Creating and sustaining healthy communities is part art and part science. 


When I think of a healthy community, I think of a party. At a party, just like in a community, you are bringing together people to meet each other, form relationships and possibly even create something amazing together. You are bringing together people from different backgrounds, who may even want different things -- how do you make it work? How do you get people to come to your party when they have so many choices?

Your job is to create the right conditions (a word I’m borrowing from my friend Matt Partovi, because I love it so much) -- through awesome community design.

Let’s dig in …

Ask Yourself These Questions

Who are they?

The first step in designing our virtual party is putting together the invite list. Whom does your community aim to serve?

This is a deceptively simple question. While it’s tempting to build one big community for all of your customers, that may not be the right thing to do. Simply being a customer of yours is not a trait that defines them; they want to talk to other people who are / have been on a similar journey. Build the community around the journey the customer is going on, and connect it to their self-identity.

Who’s bringing the snacks?

Now that you identified people you will serve, explore what do they want from you and the community. Why will your guests come to your party and what will they bring with them?

Here’s a super high-tech big-data solution: ask them! Identify a few folks that represent your key groups, pick up the phone, take them out to coffee. Share your initial idea and ask them to become your founding members. Choose wisely, these early members determine the tone and culture of the community -- members that come after model their behaviors after these members. Think of them as your party planning committee. Don't forget to also talk to customer-facing groups inside of your own organization for additional insights.

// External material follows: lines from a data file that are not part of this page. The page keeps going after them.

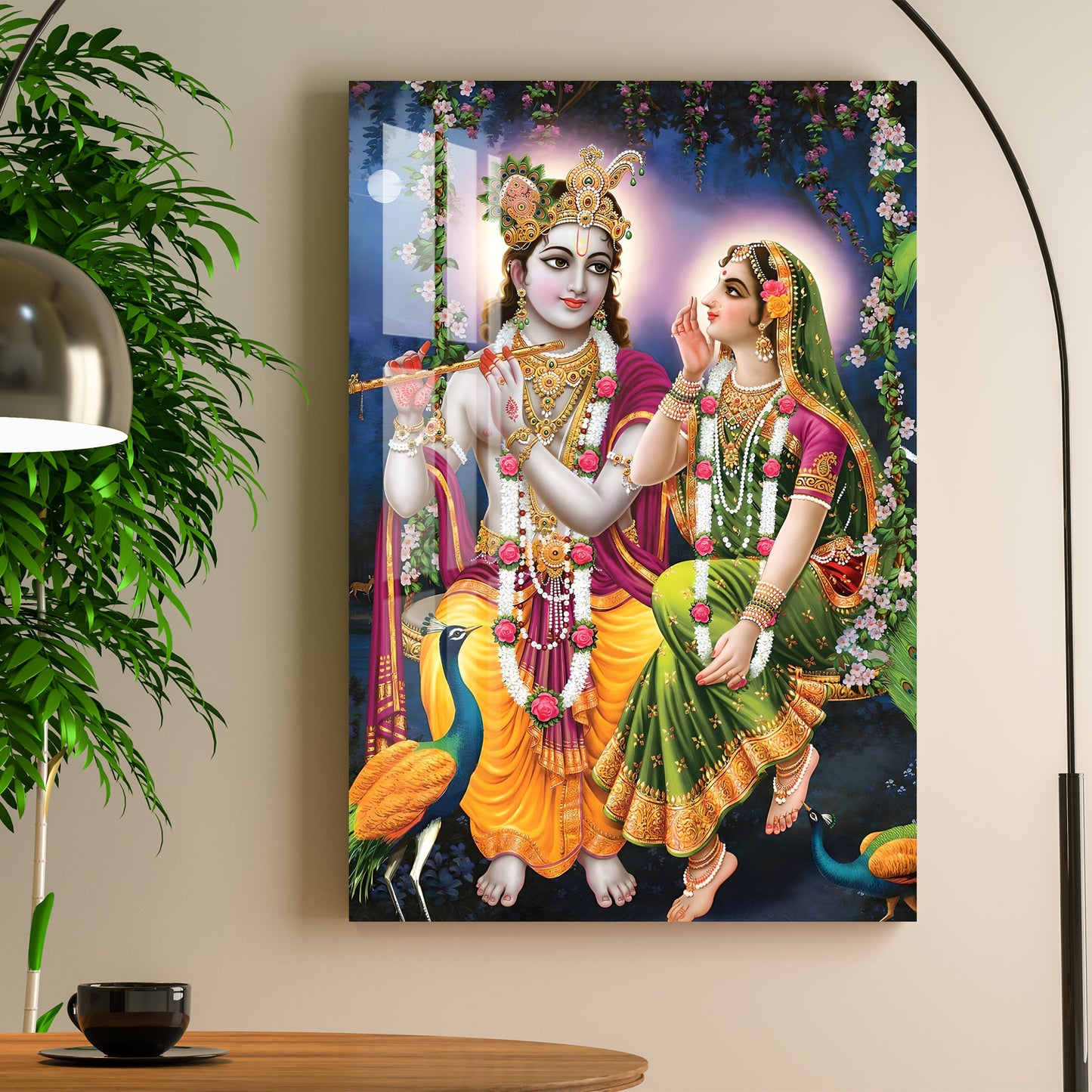 Radha Krishna with Peacock Acrylic Wall Art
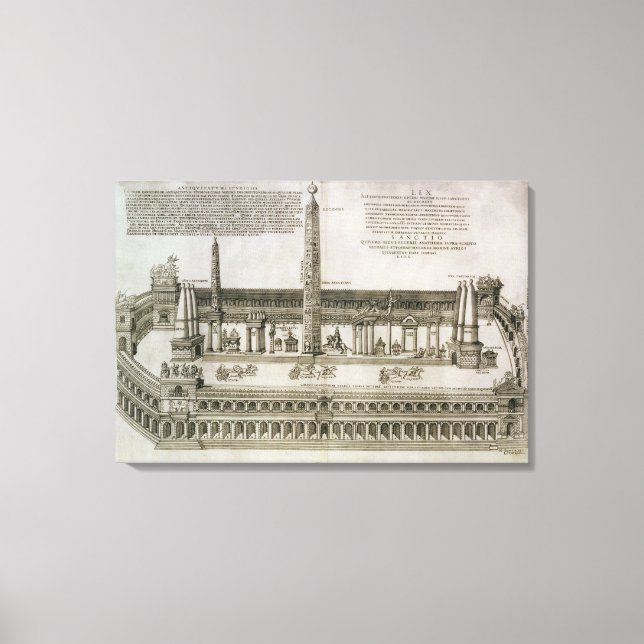 Lienzo Plan del Circo Máximo, Roma, grabado por el (Anverso)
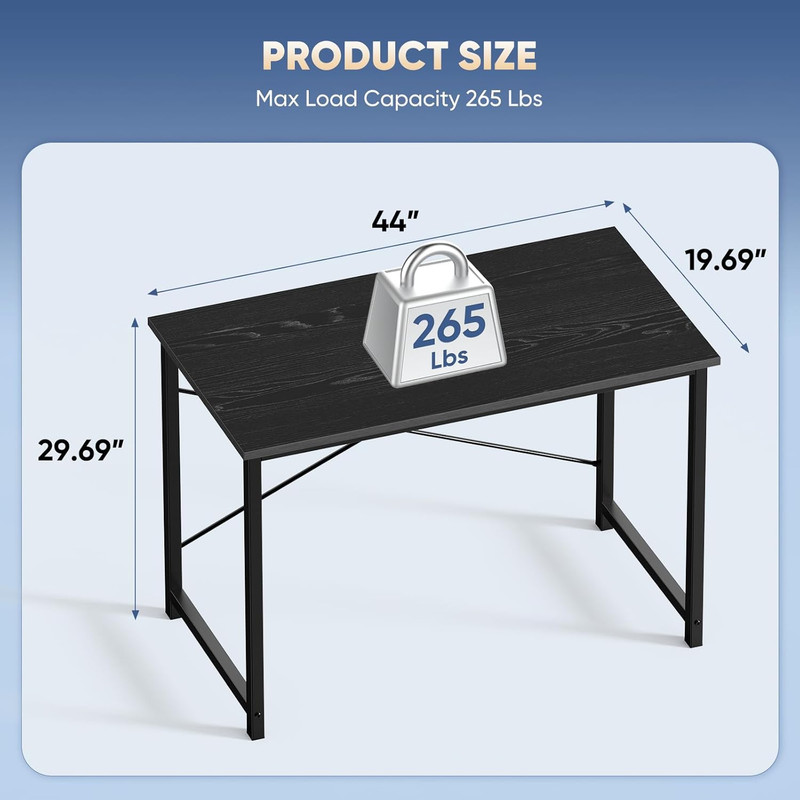 44 in Computer Desk for Home Office, Modern Study Work Table Simple Style for Be gallery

Start with jobs customers do and design with the object of creating business value for each member. Balance of skills and experiences is key in a community -- understand what expertise exists and what needs to be cultivated. Just like at a party, you need to know what each member brings -- you don’t want to end up with just drinks and no snacks. Think of artifacts that your community creates as food at a dinner party -- and how much fun it is to create them together.

What’s in it for me?

A community will never work if people don’t participate, which takes time and effort. How can you make it worth their time? Dig deep and understand their WIIFM (what’s in it for me?). Your customers don't buy your product; they buy a solution. They continue to buy those solutions that make their lives better and / or helps them look good in front of others.

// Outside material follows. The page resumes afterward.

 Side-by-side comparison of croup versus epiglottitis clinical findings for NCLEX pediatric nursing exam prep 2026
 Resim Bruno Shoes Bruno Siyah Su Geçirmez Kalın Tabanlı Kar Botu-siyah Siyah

What does your solution mean to their self-image? This can help you start to understand the intrinsic and extrinsic motivation for participating in your community. What are they passionate about? How can you channel their passion for the benefit of the entire community? Exploring member personas and roles is useful here -- some people may want to be seen as experts, some people may want to learn from them, some may want to co-create great things together.

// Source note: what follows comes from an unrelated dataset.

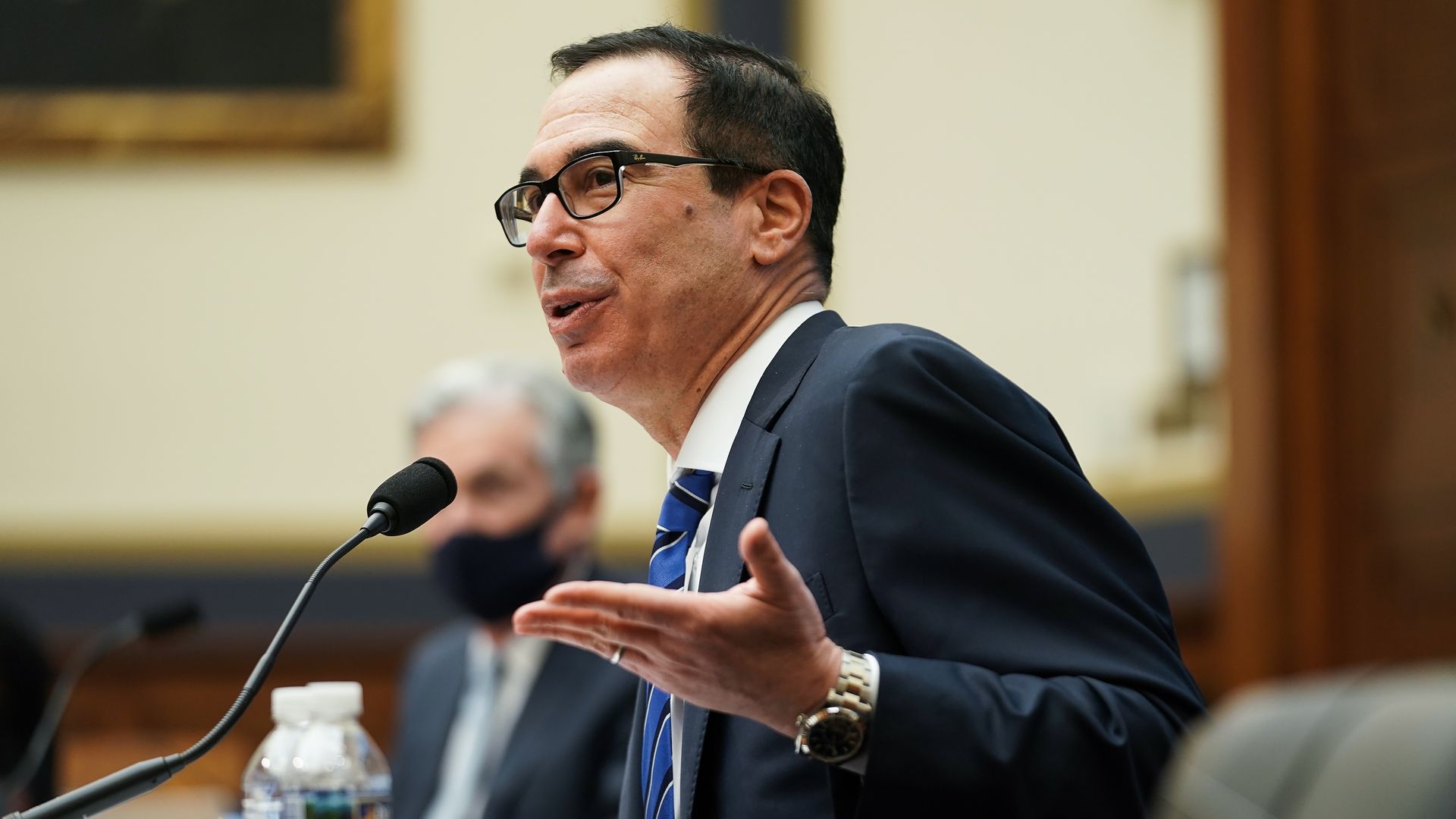 Treasury Secretary Steven Mnuchin during a House Financial Services Committee hearing on December 02, 2020 in Washington, DC.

You'd be naïve to think that your community is the only one trying to offer this experience to your customers. What else is competing for their attention in helping them get their job done? How can you provide something unique that they can’t find somewhere else?

What’s in it for the host?

Most likely, you are reading this article because you are building a community that has something to do with your business. While figuring out the needs and wants of the community, you also need to create something that benefits the business. Shockingly, only 34% of companies align their social strategy to business goals, Brian Solis said at a recent fireside chat I led. Your community doesn't exist in a vacuum; look for ways to add explicit value across the organization -- this will get you the funding and respect in your community endeavors.

How do I RSVP?

Now that you know whom you want at your party, it’s time to send out some invites. Having answered all questions from above will help you determine if your community should be external and public or private, and what the join process looks like.

If it’s a public external community, how will you promote it to drive membership? Is there a vetting process? Are there clear expectations? How do members leave the community? Keep in mind the trade offs: the more highly vetted, the smaller and tighter-knit the community, and perhaps the more engaged the users are. The larger the community, the less trust and collaboration there is, and the more important sub-communities become. This is not to say that you shouldn't have a large community, but you want to make sure that the right sub-groups can easily find each other.